Let’s look at the three assumptions that underlie the darknet argument [quoting Fred]:

  1. Any widely distributed object will be available to some fraction of users in a form that permits copying.
  2. Users will copy objects if it is possible and interesting to do so.
  3. Users are connected by high-bandwidth channels.

When the DMCA passed in 1998, #1 was obviously true, and #3 was about to become true. #2 was the least certain; but if #2 turned out to be false then no DMCA-like law would be necessary anyway. So why didn’t people see this failure coming in advance?

The answer is that many people did, but Congress ignored them. The failure scenario Fred describes was already conventional wisdom among independent computer security experts by 1998. Within the community, conversations about the DMCA were not about whether it would work – everybody knew it wouldn’t – but about why Washington couldn’t see what seemed obvious to us.

When the Darknet paper was published in 2001, people in the community cheered. Not because the paper had much to say to the security community – the paper’s main argument had long been conventional wisdom – but because the paper made the argument in a clear and accessible way, and because, most of all, the authors worked for a big IT company.

For quite a while, employees of big IT companies had privately denigrated DRM and the DMCA, but had been unwilling to say so in public. Put a microphone in front of them and they would dodge questions, change the subject, or say what their employer’s official policy was.

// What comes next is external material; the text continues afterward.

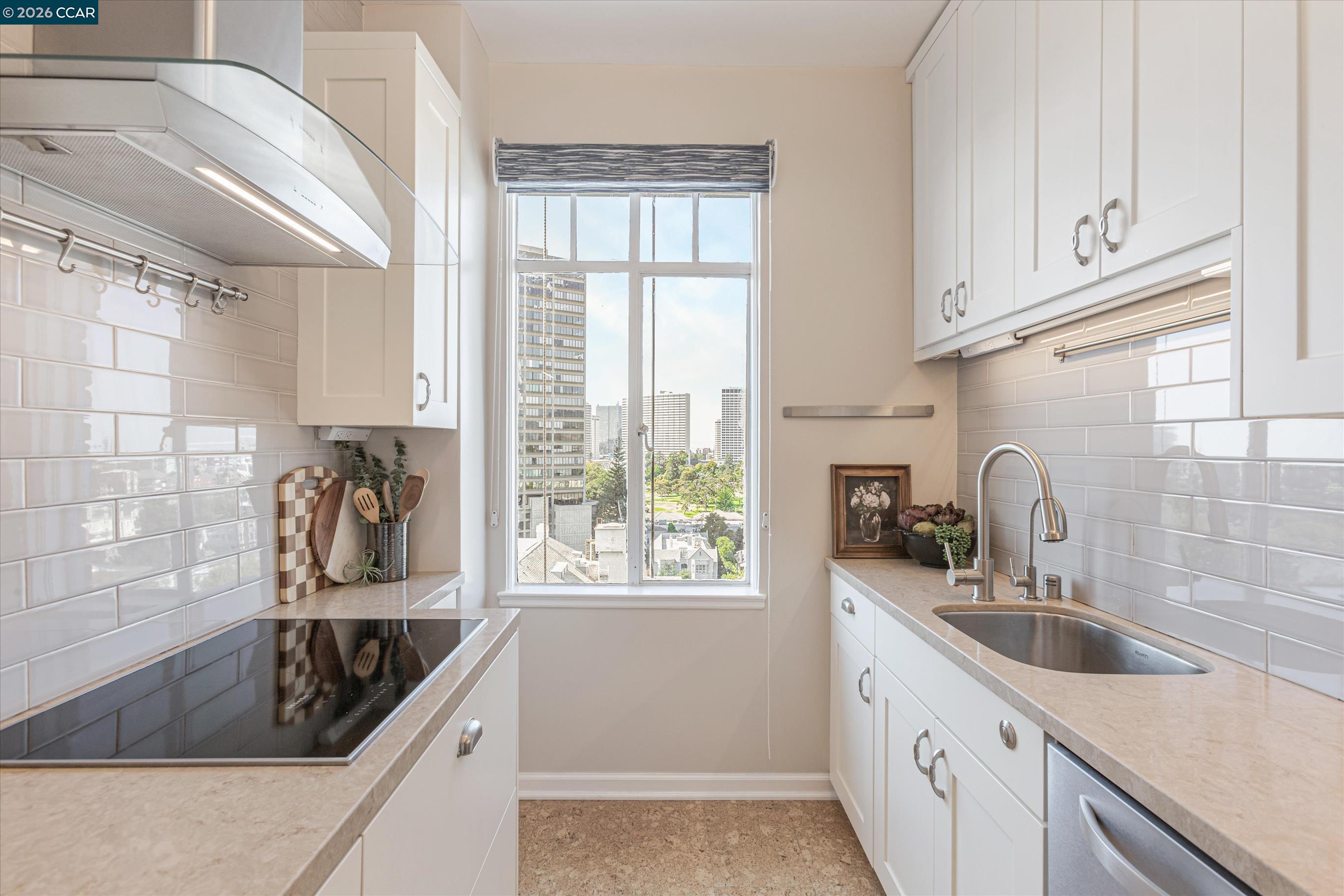 Photo #15: 41132528 Listing: Photo #15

But catch them in the hotel bar afterward and they would tell a different story. Everybody knew that dissenting from the corporate line was a bad career move; and nobody wanted to be the first to do it.

And so the Darknet paper caused quite a stir outside the security community, catalyzing a valuable conversation, to which Fred’s paper is a valuable contribution. It’s an interesting intellectual exercise to weigh the consequences of the DMCA in an alternate universe where it actually prevents online infringement; but if we restrict ourselves to the facts on the ground, Fred has a very strong argument.

The DMCA has failed to prevent online infringement; and that failure should have been predictable. To me, the most interesting question is how our policymakers can avoid making this kind of mistake again.